Just to clarify, that picture is circles and lines drawn using integer Bressenham, the whole thing drawn and plotted ina fraction of a second.
To calculate holes on a PCD Y= number of steps in a circle, X=number of holes.
Starting at 0,0 then incrementing X by 1 and using integer Bressenham to calculate dY will give the optimum number of steps to the next hole that minimises the accumulated error.
Here's the pseudocode version off Wiklipedia:
plotLine(x0,y0, x1,y1)
dx = x1 - x0
dy = y1 - y0
D = 2*dy - dx
y = y0
for x from x0 to x1
plot(x,y)
if D > 0
y = y + 1
D = D - 2*dx
end if
D = D + 2*dy
It uses only integers and no division so it can be implemented in integer BASIC, machine code, assembly language, C or anything else without the need of any special library or more than the most pedestrian of processors.
This case only plots in the octant where Y increases at the same rate or faster than X, which is what we want (always more steps than holes) so no extra logical tests or direction changes required.

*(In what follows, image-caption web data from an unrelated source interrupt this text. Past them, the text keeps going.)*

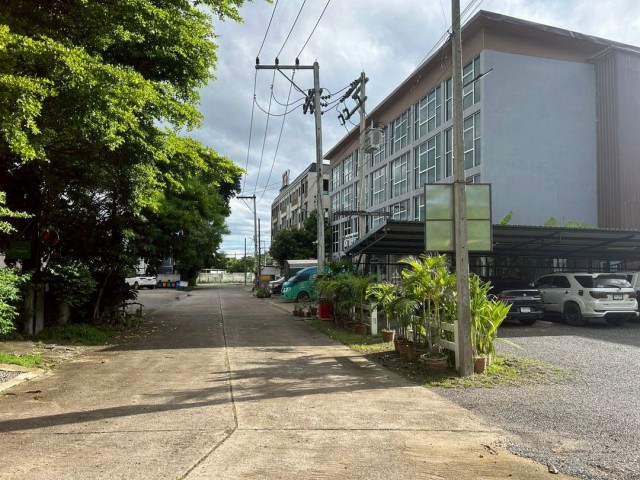 โซนสุเทพ ราคาเพียง 50,000 บาท/ตรว. เดินทางสะดวก เข้าเมืองง่าย #ที่ดินถมแล้ว พร้อมสร้างบ้าน หรือพัฒนาต่อยอดได้ทันที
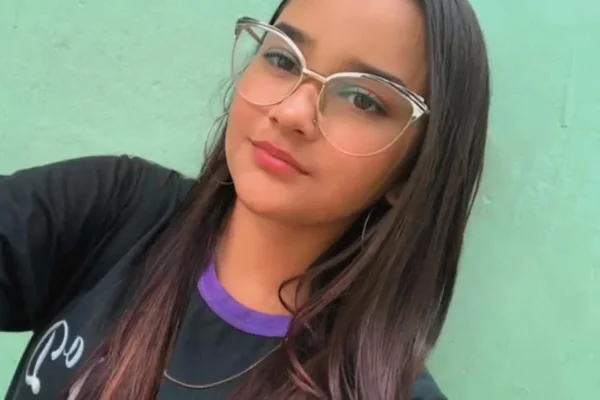 Imagem colorida,Adolescente de 16 anos morre após sofrer choque elétrico enquanto fazia chapinha na Bahia- Metrópoles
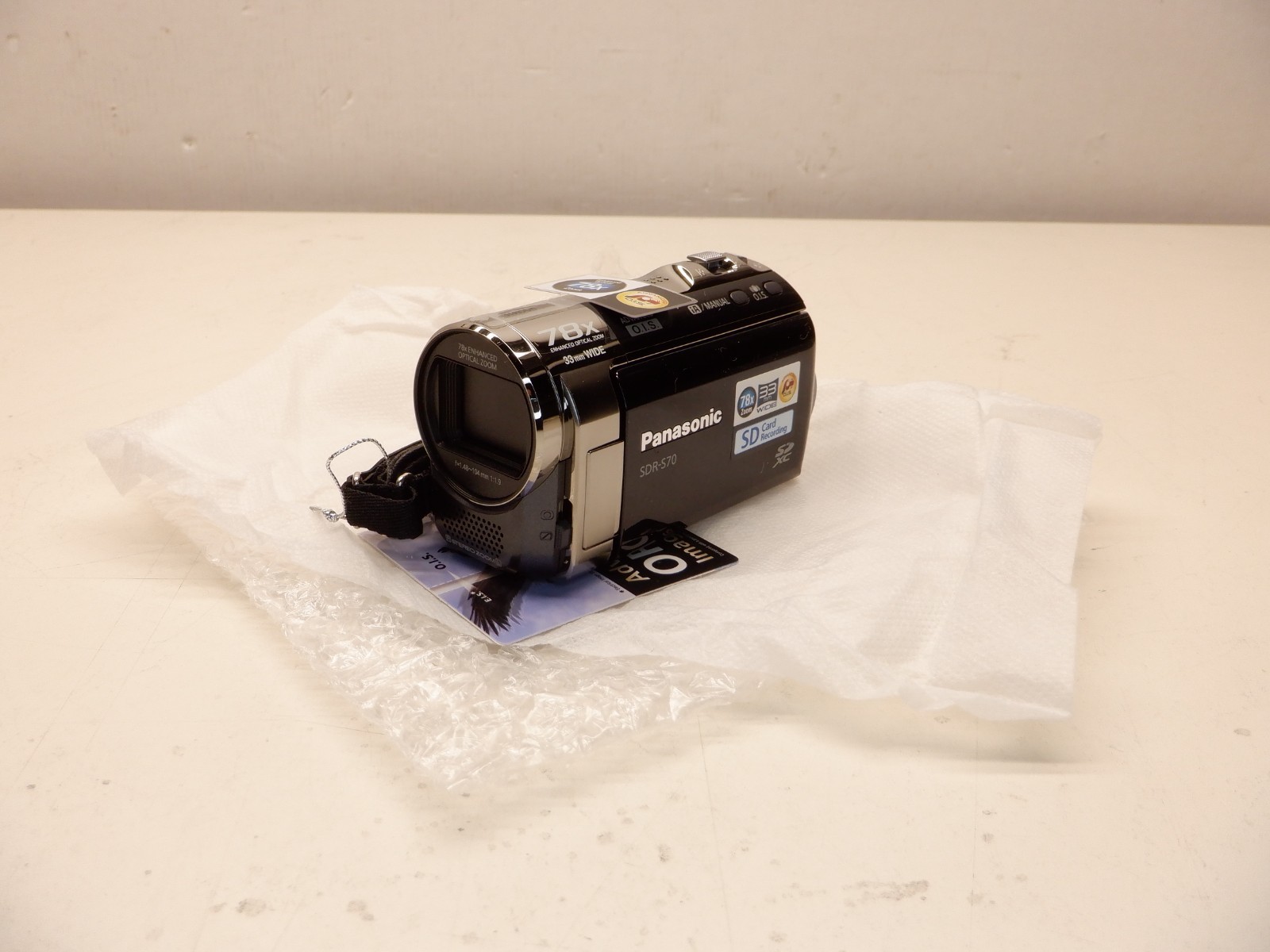 PANASONIC SDR-S70 SD VIDEO CAMERA BRAND NEW SEALED IN BOX WITH ACCESORIES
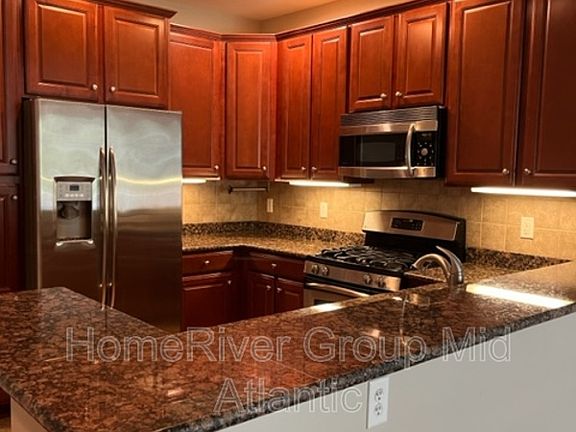 2nd image of 400 Cameron Station Blvd APT 205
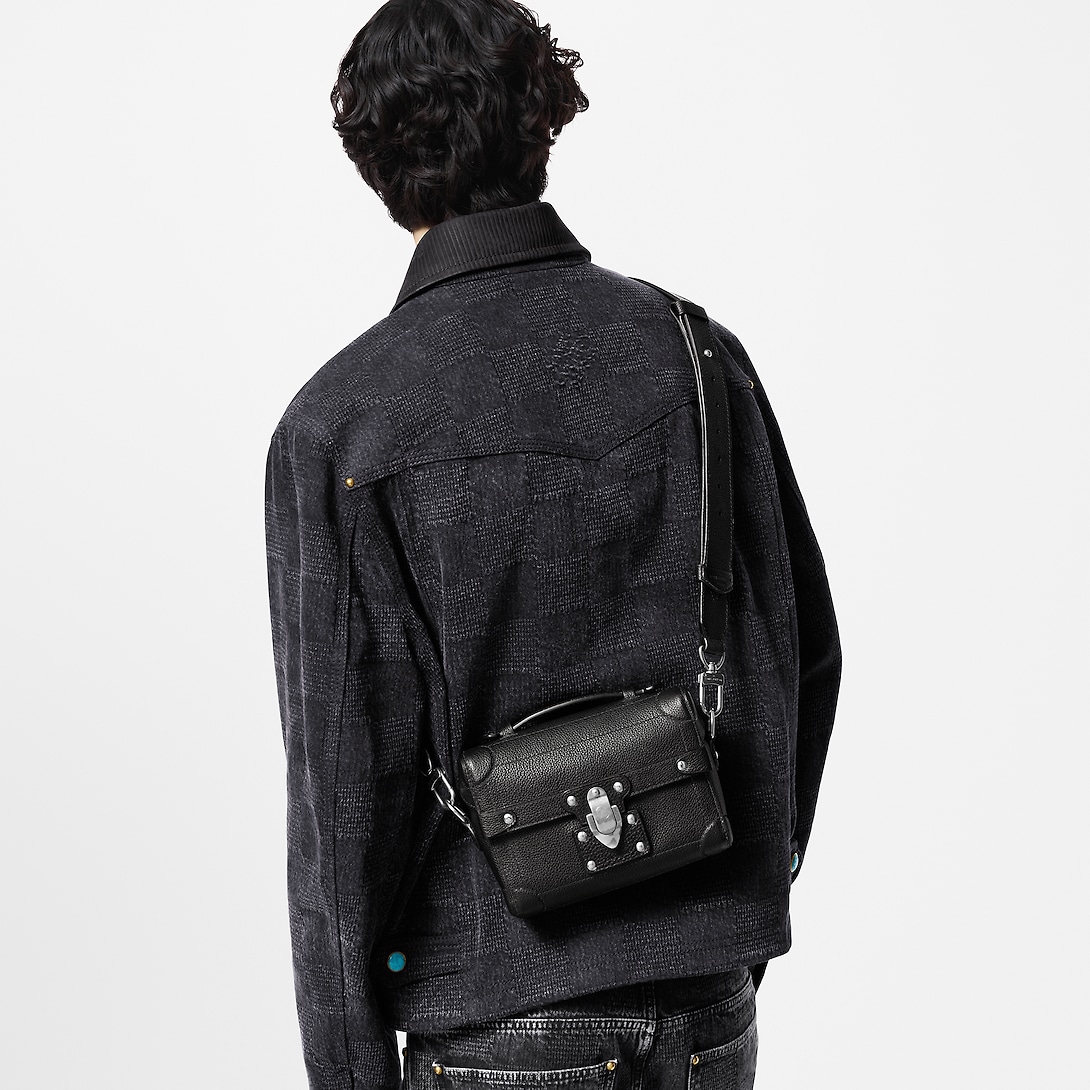 LOUIS VUITTON ルイヴィトン SOUL TRUNK クロスボディバッグ M11516-BRAND OFF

Not that in our special case we want to make the holes at the transitions so we step the dividing head each time we increment the variable Y, and instead of having 'plot X,Y' we replace it with a 'drill hole' command.
Neil
P.S. Duncan's algorithm requires you to calculate how many steps to move to each hole. That is calculated as (number of hole to drill) * (number of steps) / (total number of holes).
This requires division which is much slower, and you need work out (number of hole to drill) * (number of steps) then repeat the division every time to ensure the answer is correctly rounded (using integer artithmetic).